Personalidades úteis

Lendo essa semana o livro Feliz por nada, de Martha Medeiros, me deparei com uma crônica em que ela dá sua opinião sobre as revistas Caras e Quem. No texto, a autora afirma que o cerne de ambas, hoje, é sobre o mundo das celebridades, mas não pessoas notáveis, e sim qualquer pessoa que consegue carreira meteórica com revelações constrangedoras.

Na Exceção, também falaremos sobre pessoas que poderiam ser celebridades, mas que não são fúteis. Cada história tem sua singularidade e utilidade. São personagens muitas vezes anônimas, mas que merecem aparecer para o mundo porque realmente têm uma grande história.

Aqui, segue um trecho da crônica de Martha Medeiros, enquanto não podemos "revelar" a Exceção.

Lúcifer no Fasano

Eu estava hospedada na minha avó, em Torres. Era verão de 1993. Estávamos só nós em casa naquele fim de tarde. Ela, com a autoridade de seus mais de 80 anos, chamou a moça que trabalhava pra ela, a Zaimara, abriu a carteira, tirou uma nota de R$ 10 e pediu: vai lá no Bazar Praiano e me traz uma revista Caras, por favor.

– Revista o quê?


– Caras.
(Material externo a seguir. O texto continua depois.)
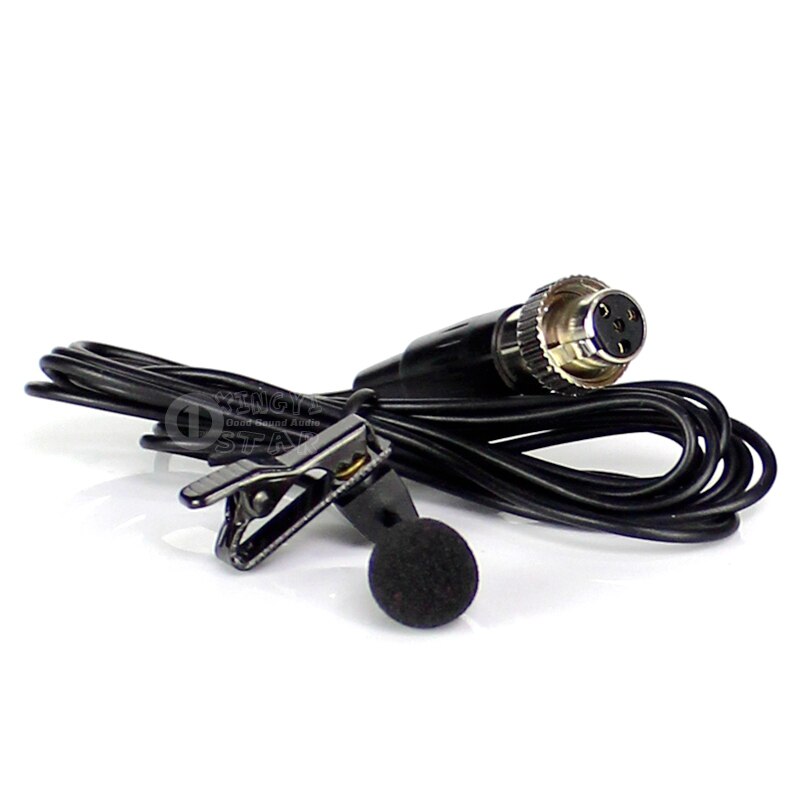 Mini XLR 4 Pins Lock Lavalier Microphone Clip Collar Mic Micro For MIPRO Wireless System Bodypack Transmitter Lapel Microphones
Primeiro número.


Minha vó, muito antenada, sabia que uma nova revista estava estreando no mercado. Uma revista que trazia apenas notícias de celebridades, e quis conferir. Eu já conhecia as versões latino-americanas e não me empolguei muito. Quando a Zaimara voltou com a revista (já lida de cabo a rabo), minha vó folheou uma página, outra página, mais uma, e sentenciou: “O que eu pensei. Porcaria”.


Tarde da noite, levantei pra pegar um copo d’água e vi luz embaixo da porta do quarto da minha vó. Como não havia televisão ali dentro, e muito menos um marido, concluí que ela estaria dando uma segunda e longa espiada na porcaria. Quem resiste?


O lançamento da revista Caras foi um divisor de águas. Competente em mostrar o dia a dia (e a noite adentro) de qualquer pessoa que tenha tido seus 15 minutos de holofote, a revista sedimentou a profissão dos paparazzi e modificou a relação do público com seus ídolos.


Se antes alguém era reconhecido por seu talento em atuar, cantar ou desfilar, agora era reconhecido pelo número de separações, pelo tamanho do biquíni e pelas viagens a castelos onde se janta em traje de gala e se fazem piqueniques usando duas camadas de maquiagem. Nunca a cafonice foi tratada com tanto glamour.


Não desprezo a revista, na qual já apareci uma ou duas vezes – nunca tomando champanhe dentro da banheira e tampouco deitada sobre um tapete de zebra vestindo um longo de cetim vermelho, digo em minha defesa. Escritora aparece no máximo com uma xícara de café em frente ao computador.


O que acontece é que depois da Caras veio a Quem e tantas outras, e também alguns programas de TV especializados em fofoca, e de repente a banalização da privacidade ganhou um espaço sem precedentes. Celebridade, que podia ser uma palavra definidora de alguém notável, passou a designar qualquer um.


E qualquer um fazendo revelações constrangedoras e vulgares, desfrutando de uma fama meteórica e provocando um deslumbramento patético nos simples mortais. Aquela ali é a Ariadna? É a Geisy? Uma é a transexual que ficou uma semana na casa do Big Brother, a outra foi discriminada por usar minissaia na faculdade, é o currículo profissional delas.


Causam o mesmo alvoroço que Demi Moore e Ashton Kutcher, que por sua vez causam o mesmo frisson que o pai do Michael Jackson, que é tão famoso quanto o blogueiro que surgiu ontem no YouTube. Se Lúcifer saísse do inferno para dar uma banda por aqui, teria mesa cativa no Fasano.